After the terrorist attacks of 9/11, the Bush Administration launched its War on Terror, attempting to prevent future terrorist attacks. Included in this process was the redefining of the phrase "enemy combatant" from being a soldier of an opposing force to really being the terminology we use to describe terrorist actors. The Bush Administration opened the Guantanamo Bay Detention Center in 2002 to detain and question enemy combatants, and the detention center is not held to the same human rights standards as traditional POW camps, prisons, etc.
Enemy combatants lack the rights of traditional prisoners of war, and ultimately have almost no rights granted them at Guantanamo Bay-- the primary reason why the center has been under fire since its creation. Do enemy combatants deserve rights once captured and detained? To what degree?
I would argue that because enemy combatants deliberately go against the rules of war, they should not be granted all of the rights that are granted to traditional soldiers. To do so would be to take away a major incentive for states to fight justly and within the realm of the rules of war.

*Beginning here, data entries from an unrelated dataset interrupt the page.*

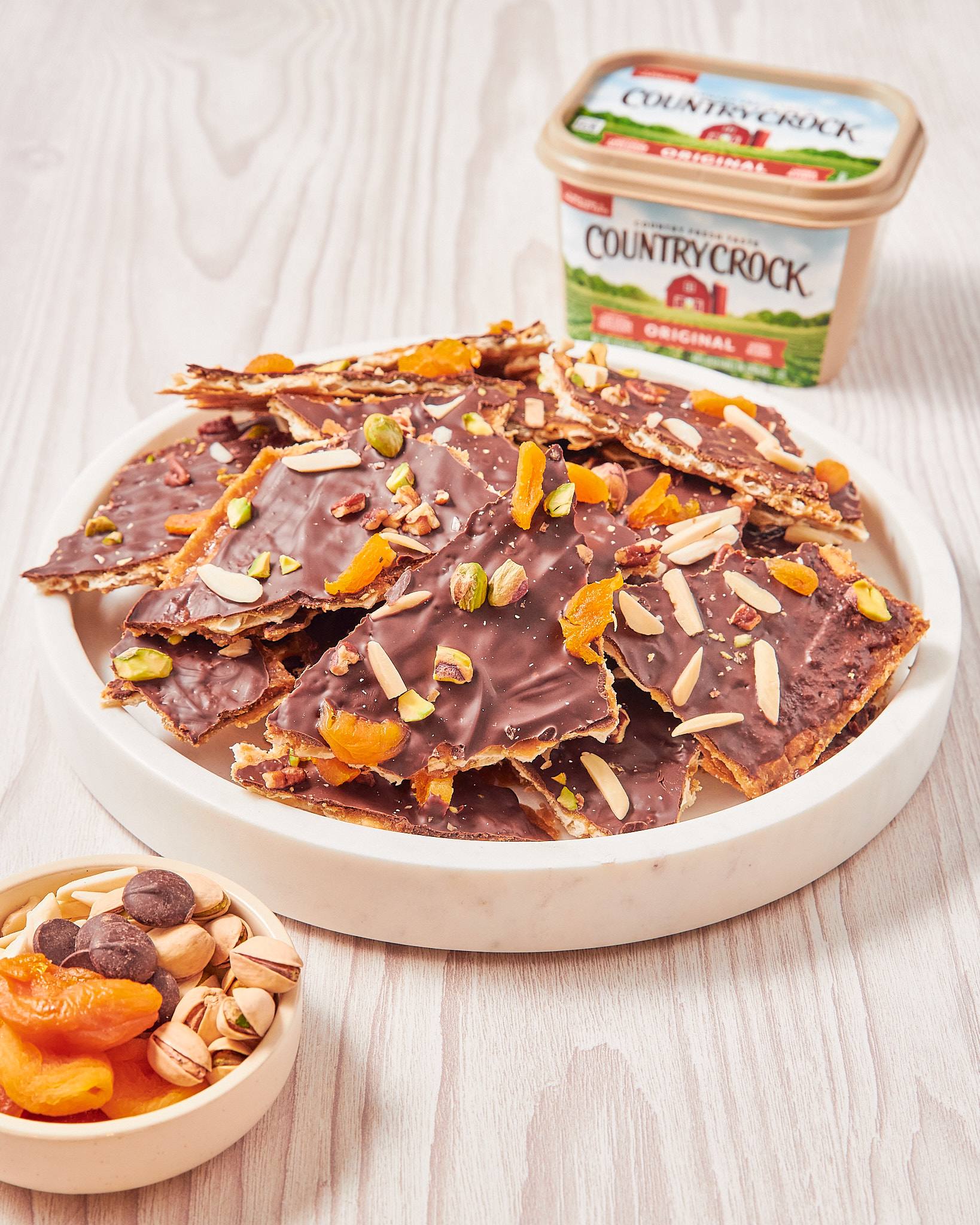 Chocolate Toffee Matzo Bark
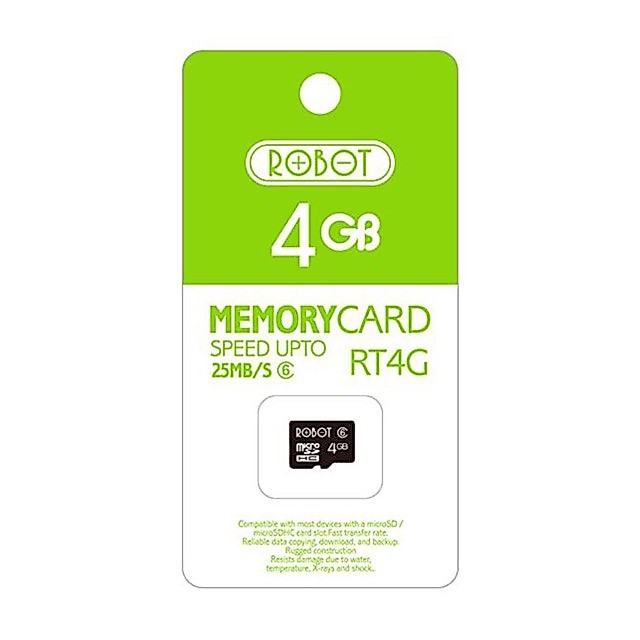 Micro SD Robot 4GB RT4G MicroSD 4 GB Class 6 TF Card Storage Memory Or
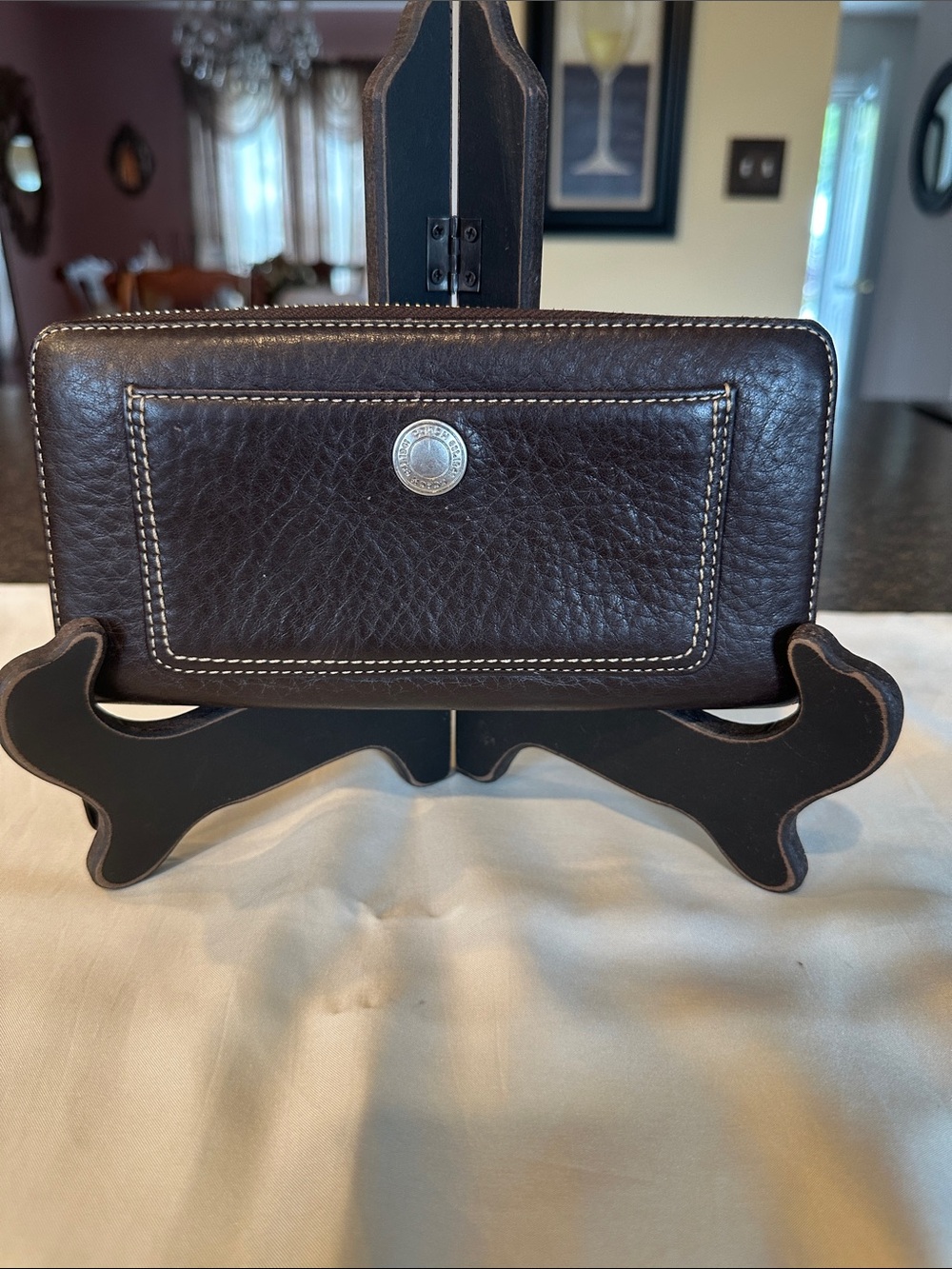 Vintage Coach Long Zip Around Wallet Brown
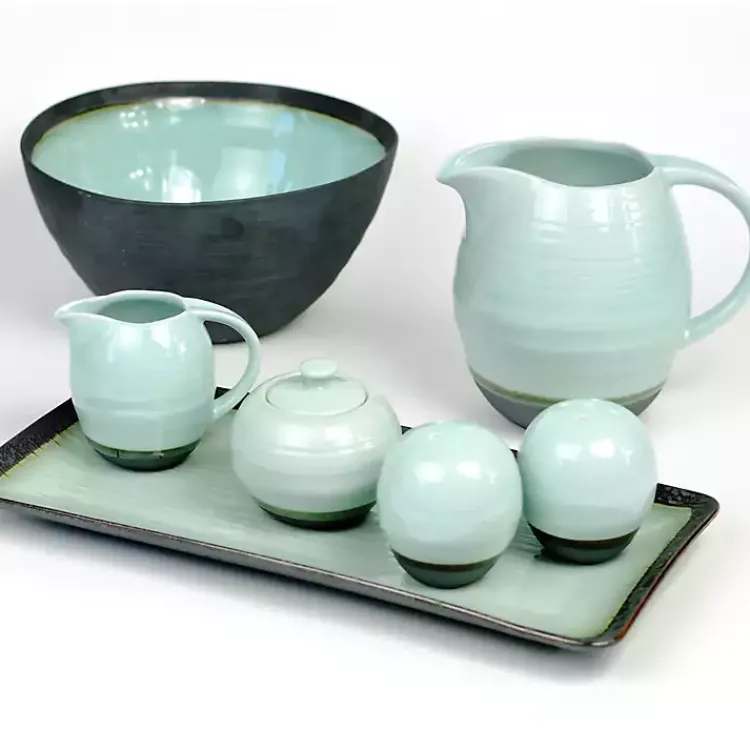 Serving & Entertaining-Kirklands Home Seafoam and Onyx Serving Pitcher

However, enemy combatants ought to be treated as people, giving them the right to life, right to freedom from torture, right to express their religion, etc.

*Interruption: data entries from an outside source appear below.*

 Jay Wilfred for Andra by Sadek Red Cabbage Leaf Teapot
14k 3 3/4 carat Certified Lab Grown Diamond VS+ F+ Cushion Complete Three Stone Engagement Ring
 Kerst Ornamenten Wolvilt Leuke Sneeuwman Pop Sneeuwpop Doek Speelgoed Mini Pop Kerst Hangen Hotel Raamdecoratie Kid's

So what status would you say that "enemy combatants" should have? If they are not Prisoners of War, I mean? Are they common criminals?
I think they really need this new categorization. Non-state actors are playing a unique role in the globalized world, and we can't squish them into an already existent box. So now, I guess we just need to figure out how we're going to approach this new categorization.
I guess the other question is why they shouldn't be afforded POW protections? Because they aren't fighting on behalf of a recognized nation state?
But it's an interesting idea! Let me know how it goes!
Because they, by definition, go against the rules of war. They distinctively go against these rules of war by killing civilians and waging disproportionate war, taking them out of that realm of "civilized" warfare. Furthermore, to give them all of the rights of normal soldiers would be to take a major incentive for states to act within the rules of war away, which could ultimately lead to even more civilian deaths and even more disproportionate means of war.
I doubt if any enemy combatant ever got the right to freedom from torture as torture is the primary tool to elicit information from soldier/combatant.